This week, the seemingly never-ending fiscal policy skirmishes on Capitol Hill revolved around proceeding to a conference committee to hammer out an FY2014 joint budget resolution compromise. Unlike recent years, this budget season has seen both House Republicans and Senate Democrats produce and pass budget resolutions. Now Congressional Democrats are interested in moving forward on discussions toward a budget for FY2014. The problem? After haranguing Senate Dems for not having produced a budget resolution since 2009—before Senator Patty Murray (D-WA) was chairwoman of the Budget Committee—and maligning President Obama for being late in producing his budget alternative, Republicans are refusing to appoint conferees and commence a budget conference committee. Instead of moving forward with the budget process, the GOP has insisted on conditioning the appointment of conferees with an insistence that any conference report not include any new revenue or raise the debt ceiling. In other words, a non-starter.
Given how broken the budget process has been of late, it’s worth a reminder on what a normal spring budget season should look like. Each year, Congress is supposed to develop a joint budget resolution that sets limits on spending, particularly appropriations, as well as targets for federal revenue. After the Office of Management and Budget publishes the president’s budget request in early February, the House and Senate Budget Committees draft and mark-up budget resolutions, which then go to their respective chamber floors for votes (assuming they make it out of committee markup). If adopted in both chambers, a conference committee is then convened between the two bodies to resolve differences between their budget resolutions. (While this notionally is supposed to take place by April 15, it often takes longer.)
If a joint budget resolution is agreed to, the appropriations committees take up their work on the twelve appropriations subcommittees bills based on the budget resolution’s topline numbers. If a joint budget resolution is not passed, government appropriations are typically funded at roughly the previous years’ appropriations levels, either as an omnibus budget or a hodgepodge of continuing resolutions for the twelve appropriations. For a few years now, our government has been funded by a series of continuing resolutions, the most recent of which funds operations through September 30, 2013 (the end of FY2013).
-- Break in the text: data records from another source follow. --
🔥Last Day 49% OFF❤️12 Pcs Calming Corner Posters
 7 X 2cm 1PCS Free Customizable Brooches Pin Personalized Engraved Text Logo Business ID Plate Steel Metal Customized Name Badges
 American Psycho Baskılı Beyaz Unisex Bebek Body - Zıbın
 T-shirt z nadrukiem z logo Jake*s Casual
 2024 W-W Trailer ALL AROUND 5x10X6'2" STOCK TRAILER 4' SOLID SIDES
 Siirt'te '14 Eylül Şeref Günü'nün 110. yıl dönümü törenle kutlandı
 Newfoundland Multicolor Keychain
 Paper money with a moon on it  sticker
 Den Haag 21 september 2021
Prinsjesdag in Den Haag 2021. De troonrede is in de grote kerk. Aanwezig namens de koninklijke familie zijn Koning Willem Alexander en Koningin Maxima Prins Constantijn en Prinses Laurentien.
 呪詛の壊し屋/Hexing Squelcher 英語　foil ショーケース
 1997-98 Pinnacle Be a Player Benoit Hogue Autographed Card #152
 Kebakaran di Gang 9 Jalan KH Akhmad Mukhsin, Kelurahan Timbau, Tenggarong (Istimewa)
This lack of progress on negotiating a budget resolution was one of the major topics discussed Tuesday at the Peter G. Peterson Foundation’s annual Fiscal Summit. House Budget Committee chair Paul Ryan (R-WI), ranking member Chris Van Hollen (D-MD) and Senate Budget Committee chair Murray each provided perspectives on why conferencing on the budget is unlikely to happen for 2014—with one of the major reasons being the huge ideological gap between the budgets. Ryan, for instance, noted that the two budgets have very different goals: while the House version gets to budget balance at the end of the ten year window, the Senate version runs a 2.2 percent deficit in 2023.1 Despite Ryan’s insistence that a budget balance in ten years, his FY2013 budget request last year didn’t achieve balance until 2040 (as scored by the CBO (pdf), and based on implausibly high revenue level assumptions that CBO was forced to accept). That budget, in fact, ended the decade with deficits only 1 percentage point lower than the Senate’s 2014 proposal.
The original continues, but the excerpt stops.